See :ref:`packages` for more information. This documentation describes that module.
* Compression support will only be available if compression support is enabled
in the built-in :mod:`deflate <deflate>` module.
Functions
---------
.. function:: open(filename, mode, /)
Wrapper around built-in :func:`open` returning a GzipFile instance.
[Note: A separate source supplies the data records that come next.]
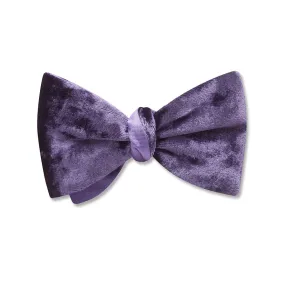 Benet Lapis - Kids' Bow Ties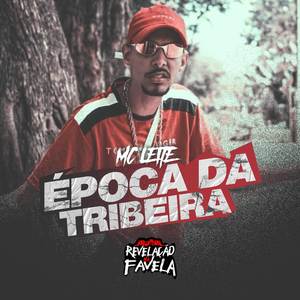 Época de Tribeira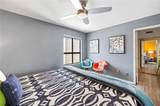 1150 Palm Canyon - Photo 16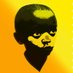 Documentaries...✍ (@eadnafrica) Twitter profile photo Documentaries...✍ (@eadnafrica) Twitter profile photo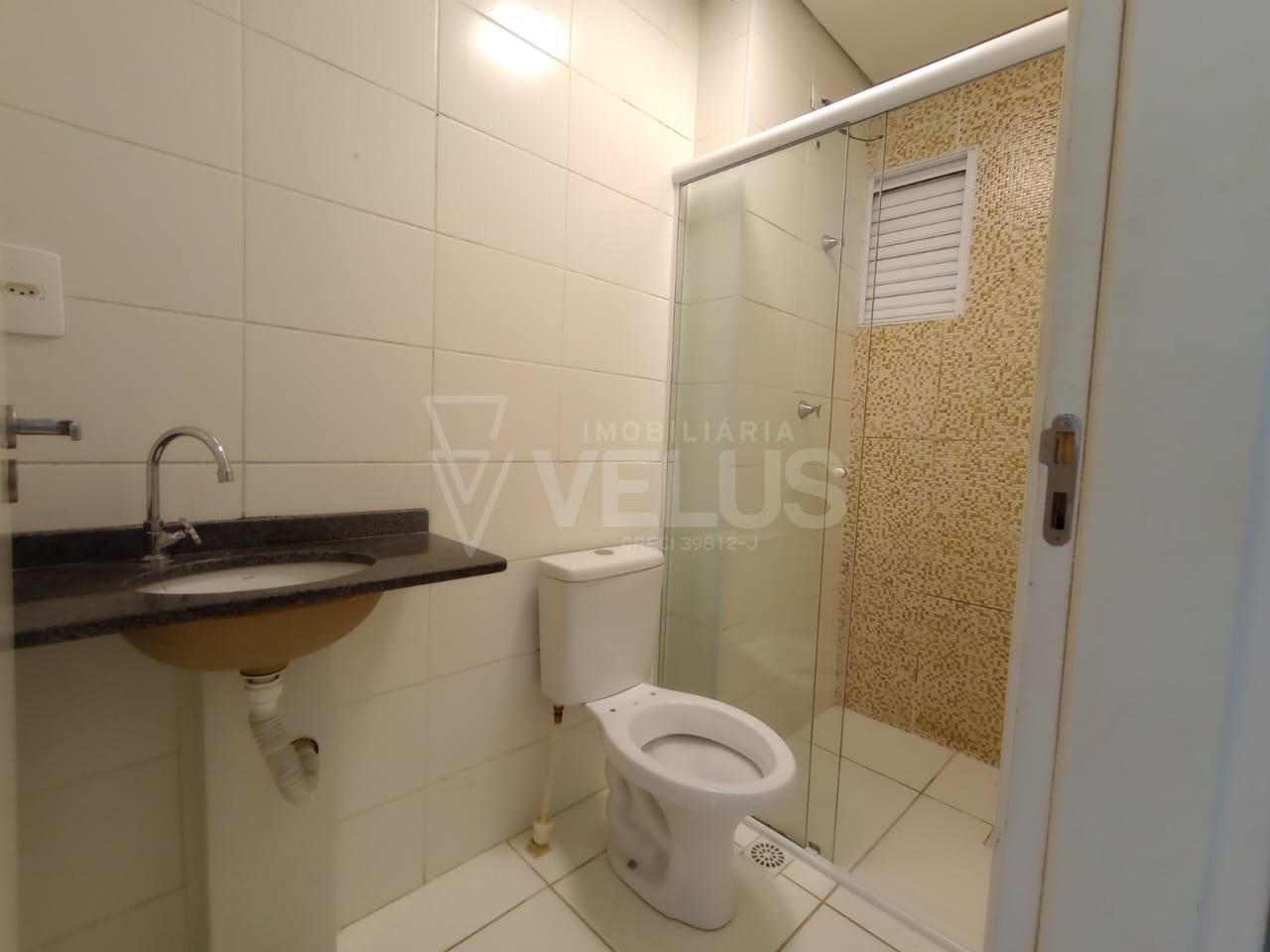 Apartamento para alugar com 2 quartos, 150m² - Foto 12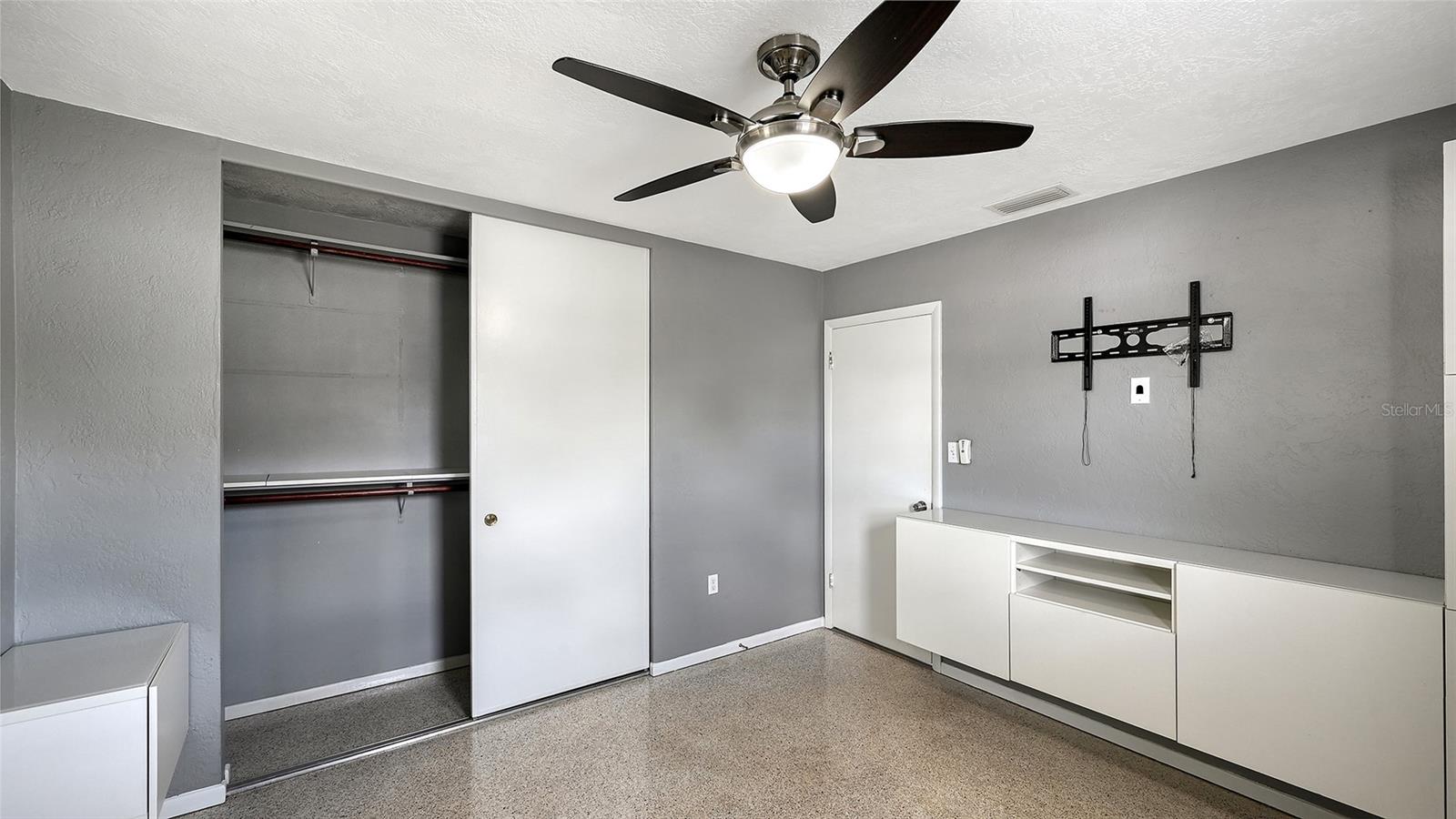 3681 STOKES DR DR — photo 23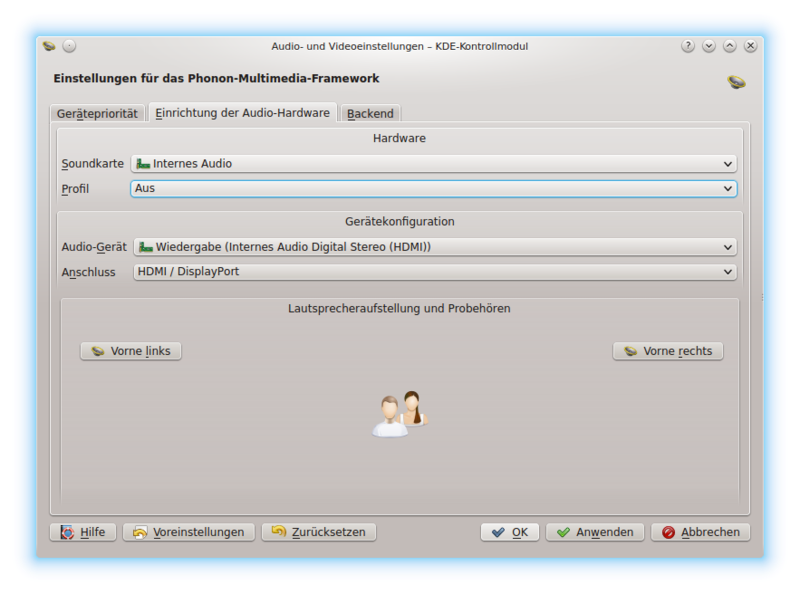 Datei:Kde audioeinstellung3.png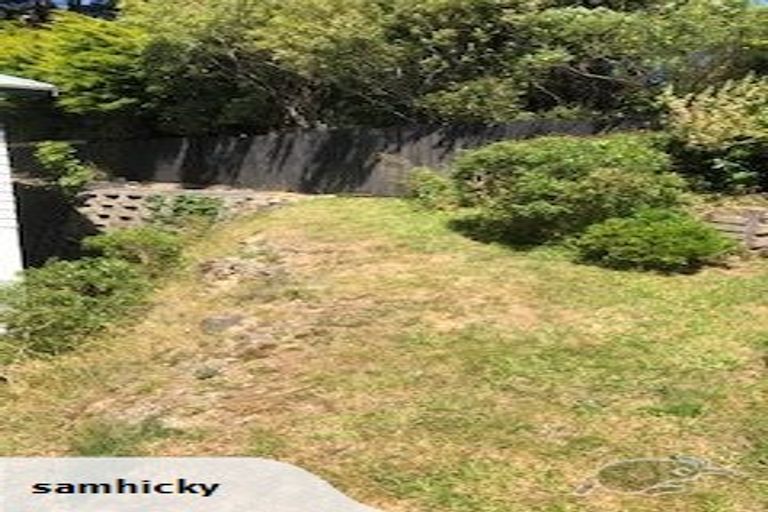 Photo of property in 105a South Karori Road, Karori, Wellington, 6012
.. function:: decompress(data, /)
Decompresses *data* into a bytes object.
.. function:: compress(data, /)
Compresses *data* into a bytes object.
Classes
-------
.. class:: GzipFile(*, fileobj, mode)
This class can be used to wrap a *fileobj* which is any
:term:`stream-like <stream>` object such as a file, socket, or stream
(including :class:`io.BytesIO`). It is itself a stream and implements the
standard read/readinto/write/close methods.
When the *mode* argument is ``"rb"``, reads from the GzipFile instance will
decompress the data in the underlying stream and return decompressed data.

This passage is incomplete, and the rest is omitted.